What you will do :: Pictures are to be left out. Return exactly the lines below from the one with "The Seelbach Hilton Louisville United States" up to and including the one with "2016 Hyundai Sonata 2.4L SE".

Extracted records ::

★ ★ ★ ★ ★ ★ ★

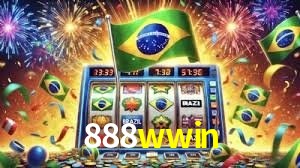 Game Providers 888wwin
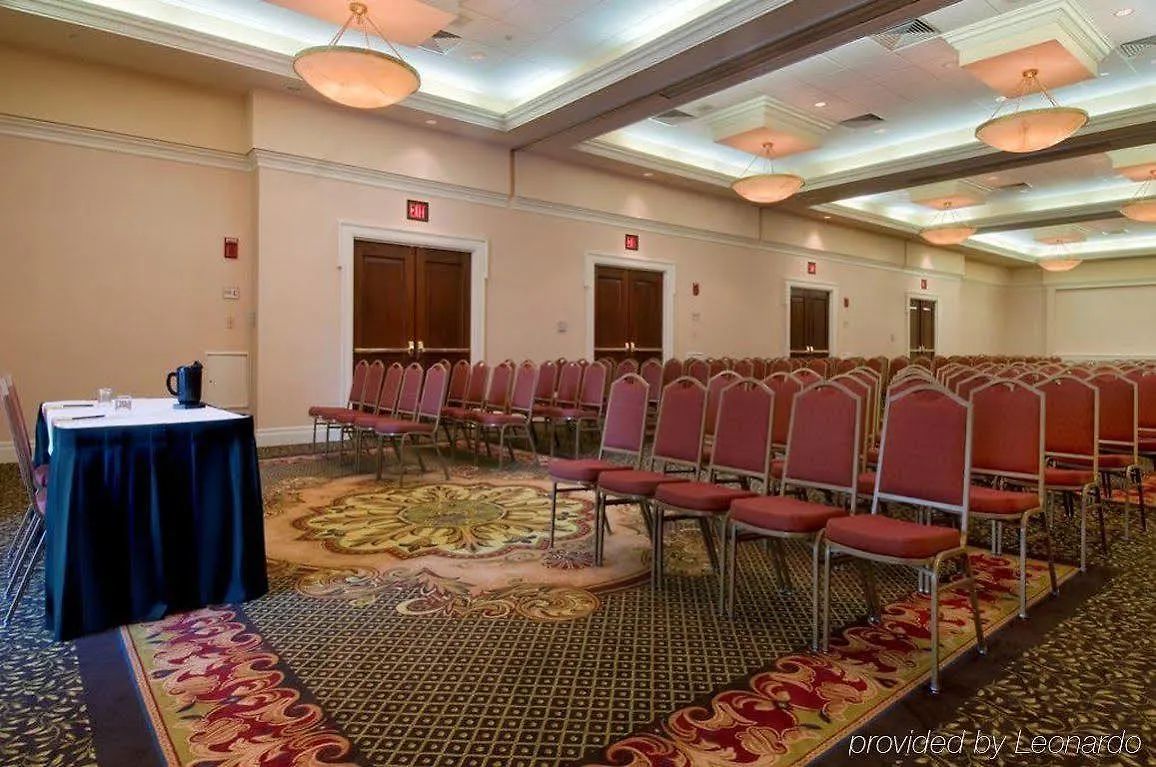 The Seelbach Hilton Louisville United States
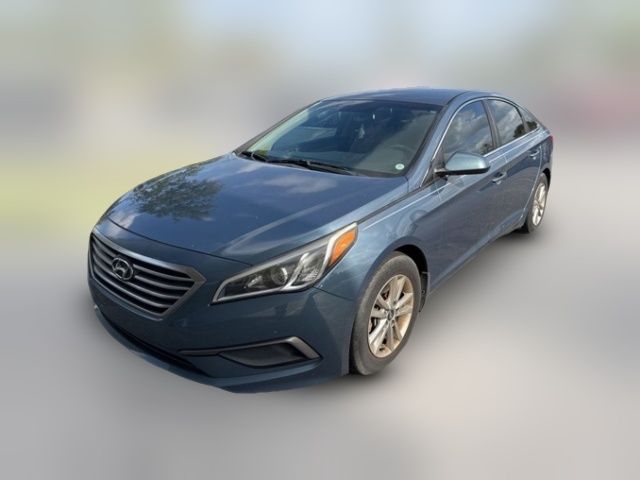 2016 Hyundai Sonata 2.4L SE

★ ★ ★ ★ ★ ★ ★

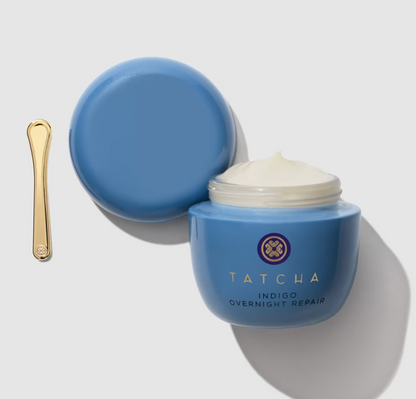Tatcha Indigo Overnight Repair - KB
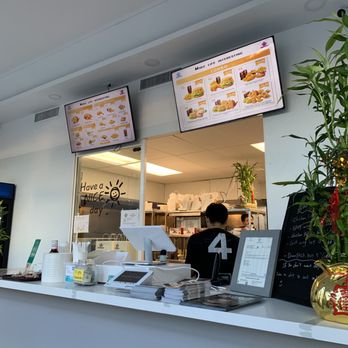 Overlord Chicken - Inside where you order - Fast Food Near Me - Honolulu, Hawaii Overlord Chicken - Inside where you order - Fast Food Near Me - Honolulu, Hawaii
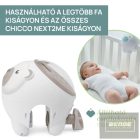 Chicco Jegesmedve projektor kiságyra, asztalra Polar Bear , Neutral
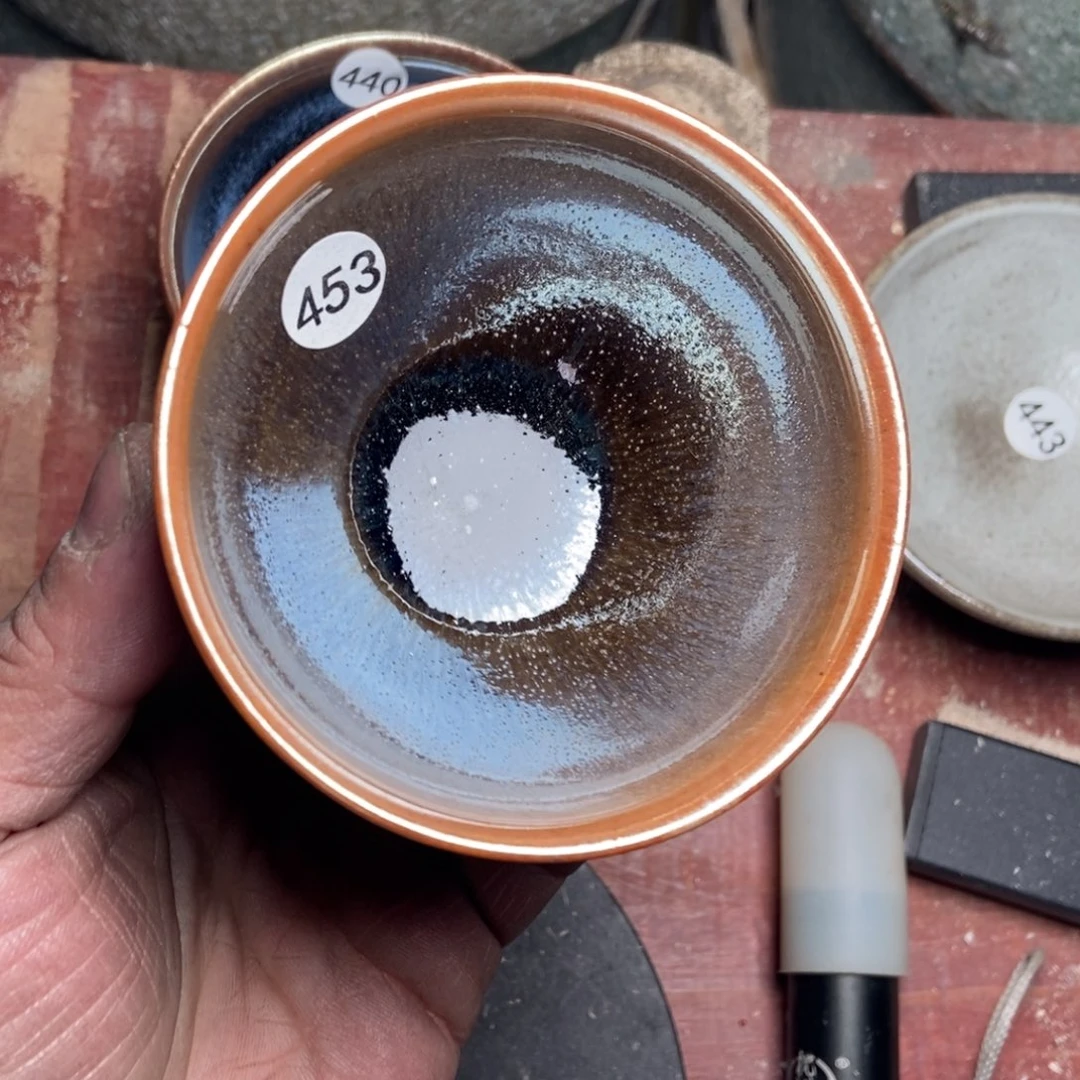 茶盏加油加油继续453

★ ★ ★ ★ ★ ★ ★

Output ::
 The Seelbach Hilton Louisville United States
 2016 Hyundai Sonata 2.4L SE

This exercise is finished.